A maneuver widely opposed by the opposition to the MORENA government that leaves the door open to several cases of abuse.

“The NG can investigate, arrest and bring before a judge any citizen accused of virtually anything with a compliant agent of the prosecutor’s office (…).”

“There is no need to prove anything to a judge. The control of the armed forces is total and seems to be above civilian power,” said scholar Enrique Cárdenas in an article in the newspaper El Financiero.

In theory, the Mexican National Guard was not previously an organ belonging to the eminently military structure of the Mexican state.

Recently, however, it was incorporated – by a vote in Congress – into the Ministry of Defense (SEDENA) and is now subordinate to the Army.

The main criticism is that a lack of transparency characterizes SEDENA, as it can disguise its actions and procedures in the name of “national security.”

But that’s not all.

Previously, AMLO had already actively involved the military in the country’s governmental structure, giving them the management of customs, ports, airports, and the National Migration Institute, to name just a few areas.

Tasks that should theoretically be performed by civilians are now in the hands of men in uniform.

The game is straightforward: they ask for unconditional support for their project in exchange for perks within the vast Mexican state apparatus.

As Mexican columnist Ricardo Pascoe notes, AMLO is nothing new and is more or less equivalent to a “civil-military regime,” something previously unknown in Mexico,

But this is – if you look at Venezuela’s recent history – Chávez’s central approach to building his project of concentrating power.

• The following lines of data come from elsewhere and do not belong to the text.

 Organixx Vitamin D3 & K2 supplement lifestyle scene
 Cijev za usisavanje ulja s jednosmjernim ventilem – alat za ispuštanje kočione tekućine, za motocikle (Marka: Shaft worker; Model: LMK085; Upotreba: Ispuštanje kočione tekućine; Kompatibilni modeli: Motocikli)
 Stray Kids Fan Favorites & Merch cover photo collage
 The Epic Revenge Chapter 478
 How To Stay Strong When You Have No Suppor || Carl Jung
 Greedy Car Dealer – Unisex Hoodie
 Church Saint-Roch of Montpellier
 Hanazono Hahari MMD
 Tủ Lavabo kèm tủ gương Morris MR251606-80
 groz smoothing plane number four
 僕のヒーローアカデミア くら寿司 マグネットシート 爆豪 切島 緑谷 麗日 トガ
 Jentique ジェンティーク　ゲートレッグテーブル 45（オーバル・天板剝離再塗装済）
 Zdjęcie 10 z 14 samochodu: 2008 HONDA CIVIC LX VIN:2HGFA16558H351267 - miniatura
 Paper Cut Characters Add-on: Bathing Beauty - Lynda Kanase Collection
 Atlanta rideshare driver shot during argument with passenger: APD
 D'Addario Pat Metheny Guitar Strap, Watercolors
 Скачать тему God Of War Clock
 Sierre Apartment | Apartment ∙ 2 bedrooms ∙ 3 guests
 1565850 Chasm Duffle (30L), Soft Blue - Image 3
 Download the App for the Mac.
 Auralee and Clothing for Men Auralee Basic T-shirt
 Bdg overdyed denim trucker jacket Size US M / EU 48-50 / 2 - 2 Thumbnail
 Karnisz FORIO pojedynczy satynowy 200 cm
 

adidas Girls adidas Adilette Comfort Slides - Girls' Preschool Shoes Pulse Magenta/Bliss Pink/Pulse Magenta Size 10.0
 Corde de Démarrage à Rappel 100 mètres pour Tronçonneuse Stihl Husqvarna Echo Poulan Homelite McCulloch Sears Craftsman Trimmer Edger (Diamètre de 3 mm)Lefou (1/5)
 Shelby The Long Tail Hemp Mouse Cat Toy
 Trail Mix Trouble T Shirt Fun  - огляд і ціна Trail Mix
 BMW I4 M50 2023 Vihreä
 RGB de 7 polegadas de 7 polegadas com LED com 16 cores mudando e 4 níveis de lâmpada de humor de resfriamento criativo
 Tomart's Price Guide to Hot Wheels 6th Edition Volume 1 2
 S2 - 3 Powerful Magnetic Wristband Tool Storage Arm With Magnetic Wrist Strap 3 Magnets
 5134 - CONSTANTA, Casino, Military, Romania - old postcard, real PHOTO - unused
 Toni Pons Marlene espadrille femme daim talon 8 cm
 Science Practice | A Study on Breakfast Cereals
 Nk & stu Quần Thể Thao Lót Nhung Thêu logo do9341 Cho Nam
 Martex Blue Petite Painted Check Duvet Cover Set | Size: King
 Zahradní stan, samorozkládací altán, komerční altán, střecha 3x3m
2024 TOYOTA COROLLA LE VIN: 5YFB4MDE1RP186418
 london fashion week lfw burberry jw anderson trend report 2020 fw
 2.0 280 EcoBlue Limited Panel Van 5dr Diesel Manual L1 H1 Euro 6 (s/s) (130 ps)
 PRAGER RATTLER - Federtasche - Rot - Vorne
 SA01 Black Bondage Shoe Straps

López Obrador took office essentially with the promise of “metamorphosing” the entire political system, and it must be said that so far, he has succeeded.

However, the metamorphosis has not been positive.

Apart from the unfinished works and pharaonic edifices he will leave to future governments, the fact is that he will leave them with the enormous problem of having brought the military deep into the structures of the state, a place from which it will be tough to remove it.

Everything seems to indicate that AMLO is thinking of the coming years, of a regime that will not be led by him but by MORENA, and that, in this sense, he has the military in his pocket to do what he wants.